A conversa, espécie de visita-guiada, começou junto dos painéis de azulejos que retratam o casamento de Catarina de Bragança; depois seguiu-se o pátio, onde outro painel de azulejos mostra figuras nobres da família, um deles o Conde de Pombeiro; continuou no jardim, onde um antecessor plantou um limoeiro de Amalfi por entre ciprestes e salgueiros, e no qual existe a ermida capela Santa Maria Madalena, já restaurada, que é mais antiga do que o palácio talvez dois séculos. Há ainda um terceiro painel de azulejos, desta vez dedicado aos jogos de equitação e às festas. Depois visitamos o interior, salas lindíssimas, decoradas com elegância, com alguns móveis e pinturas de origem, mas muitos mais trazidos de palácios reais como os de Turim, de Milão e de Génova. Paramos na chamada antecâmara, onde Miscia elogia a “luminosidade” de Bacanal de Chioggia, de Antonio Rotta, pintor italiano do século XIX.
Voltemos à Sala Arcádia, na realidade o Salão Pompeiano, devido às decorações grotescas, um estilo muito usado nas casas de Pompeia, atribuídas a Cirilo Volkmar Machado. E Sala Arcádia porquê? “Aqui se reunia a Nova Arcádia Lusitana, em serões literários animados pelo padre Lereno, um padre carioca mulato, que compunha e tocava na viola essas modinhas. Bocage chegou a fazer parte do grupo, mas depois passou a criticá-lo”, explica o embaixador, que tem planos para fazer no Palácio Pombeiro, neste ano do Centenário, uma evocação desse grupo, “algo alegre, cultural, mas sem nos sentirmos oprimidos pela cultura, onde a cultura seja o que se partilha e não somente o que se sabe”.

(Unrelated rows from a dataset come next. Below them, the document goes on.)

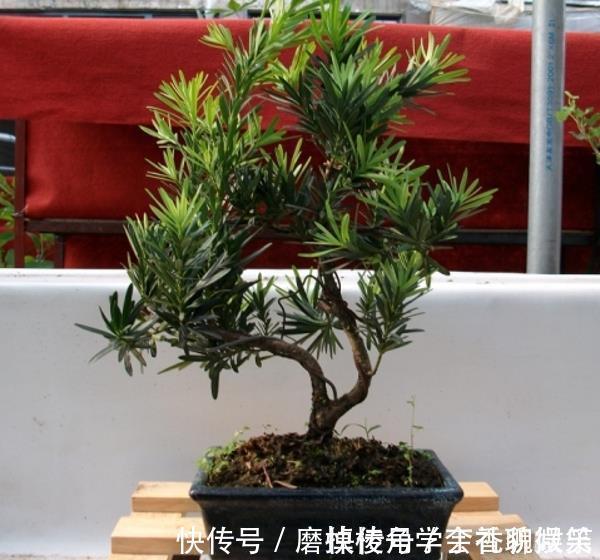 罗汉松盆景养家中，摆放禁忌要知道，放对位置好处多，放错了难活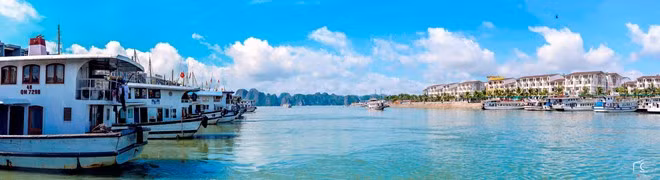 Đến Hạ Long vài lần, nhưng lần nào khi đặt chân đến Bãi Cháy (thành phố Hạ Long, tỉnh Quảng Ninh), khi nhóm bạn đi thuê tàu khám phá vịnh, tôi chỉ làm một việc là dõi mắt ra xa, ngắm phong cảnh. Vịnh Hạ Long đón tôi như một người bạn đi xa lâu ngày gặp lại.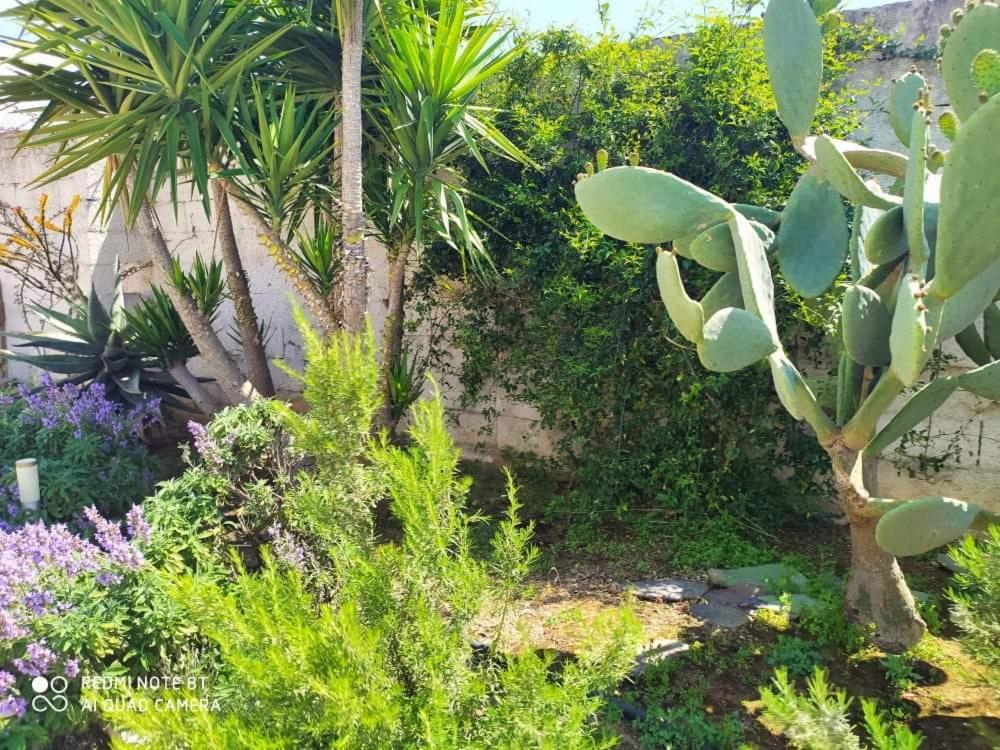 Li Curti B&B Melissano Exteriér fotografie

A beleza do palácio faz com que alguns ministros italianos de visita a Portugal, por vezes, optem por dormir na embaixada, que tem acomodações preparadas, em vez de irem para um hotel. “Gosto e até incentivo, pois quero que vejam com quanto amor nós tratamos este palácio, porque, e repito, os italianos são como os portugueses, gostamos muito de História”, diz Miscia.